Farting is a natural thing. And so is dating and being around your significant other for an extended period of time. It’s human nature that at some point, in your quest for domestic zen, that these two major life events will cross paths. So what do you do when you have to release some gastric pressure around someone you’ve just started dating? You like this guy/girl, things seem to be going well, but there comes a time where something’s gotta give, and oh, what a stressful moment it can be.
Farting is seen as a taboo subject in this society. I have to say that I agree. Farts are gross. You’re blasting poop particles out of your ass and contaminating the air of everyone around you. Pretty nasty, huh? That’s beside the point though. Everyone (minus the entire female population in my mind LALALALALA) does it, so it’s important that you’re prepared for when you get to this major step in your relationship.
So if it’s going to happen, when is the right time?

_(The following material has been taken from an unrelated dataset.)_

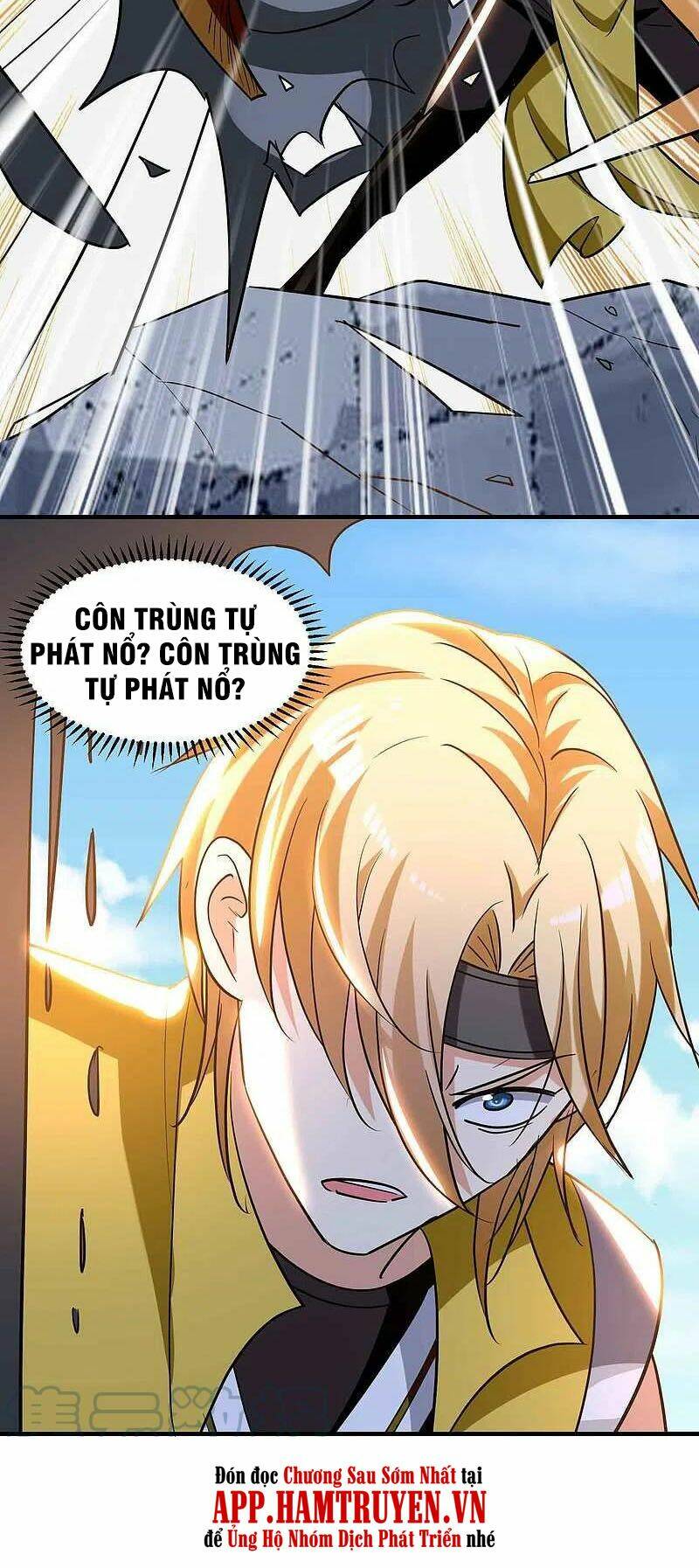 vạn giới tiên vương chapter 192 34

The key here is making sure that you have established yourself in the relationship. There is a sweet spot for timing up the perfect fart. Unless you’re a gambling man, and have a good chunk of change riding on the under, you want to wait long enough so that the fart won’t be a deal-breaker. If you’re not quite “official” yet, and your SO has the opportunity to cut things off completely with you, then it’s a little too early. You don’t want to leave the opportunity to get ghosted over a little backdoor wind action. That leaves everyone desiring more. You start to second guess everything in your life. What if I had waited to fart? What if I never threw that interception in states junior year? What if I had told people about that drifter I ran over in New Hampshire? See? It’s a slippery slope that nobody wants to go down.

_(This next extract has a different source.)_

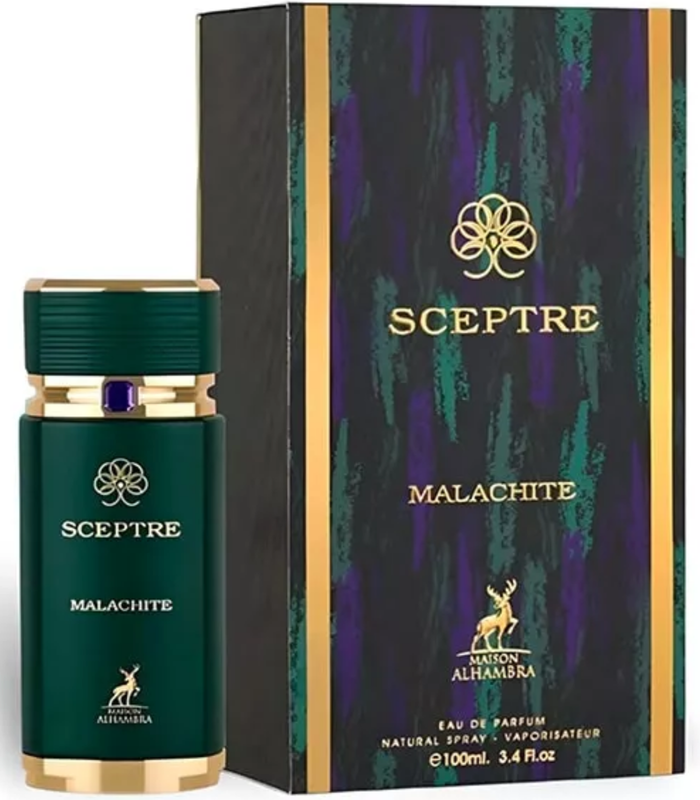 Maison Alhambra Sceptre Malachite EDP Unisex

Waiting too long is also a dangerous game, however. If you wait too long, you’ve established precedent. Your girl is probably sneaking into the bathroom and running the water to let off some steam out the window like an angst filled teen smoking their first cigarette. They spray a little febreeze, fan things out with a towel, and call it a day. What daddy don’t know don’t hurt him. But now this becomes your responsibility as well. You have to go to extreme lengths to mask your gas. You become a Russian spy behind enemy lines, and your every fart a correspondence back to the Kremlin. If those filthy Americans (read: your girlfriend) catch you, they’ll make an example of you, Cold War II will start and you, my friend, will never hear the end of it.
Find the sweet spot
I’d say, to be safe, that you give it long enough that you’re comfortable around each other, but not quite so long that you have established a no-fart-zone. Maybe after you’ve met the parents, if you want to get really specific. That seems like a good time, right? If they’re going to dump you over it, at least make sure Mr. and Mrs. are asking what happened to you.

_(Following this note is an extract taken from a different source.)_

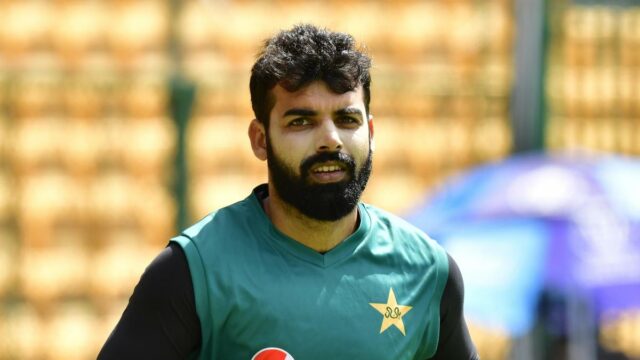 Seleção do Paquistão para a série do Sri Lanka: Babar Azam e Shaheen Afridi ficam de fora; Shadab lembrou
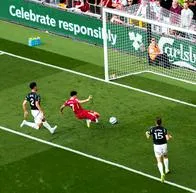 Luis Díaz macó gol con el Liverpool ante Arsenal en la Premier League. El colombiano sigue en modo goleador en el torneo de Inglaterra.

When you get to the right timing, you’ll need a way to let the gas come naturally. Here’s a time-tested technique that you might try to help things go smoothly:
The I didn’t do it
Picture it. You and the lady are sitting at home. You don’t want to spend too much money and don’t really feel like going out. It’s a nice quiet night in. You dim the lights, and fire up your favorite rom com and snuggle up under a warm blanket. Now here’s the key, the fart has to be extremely quiet. No noise, no movement. Just let it sneak right out. The stink should reach you both at the same time, and that’s when your acting skills come into play. It is absolutely key that you never ever admit guilt. It’s your word versus her’s. Never give up, never surrender. Make up lies. Maybe the dog did it, maybe they opened a new water treatment plant next door, maybe someone left a hard-boiled egg under the couch for a few weeks. That’s the cleaning lady’s fault, not yours. As long as you never admit guilt, the fart never happened.
There you have it. Take it or leave it, I don’t care. Just know that once you open the floodgates, it’s mutually assured destruction. There will be nuclear flatulence fired back and forth until nothing is left standing. Know that is what you have to look forward to, and act accordingly. Your finger is on the button. Good Luck.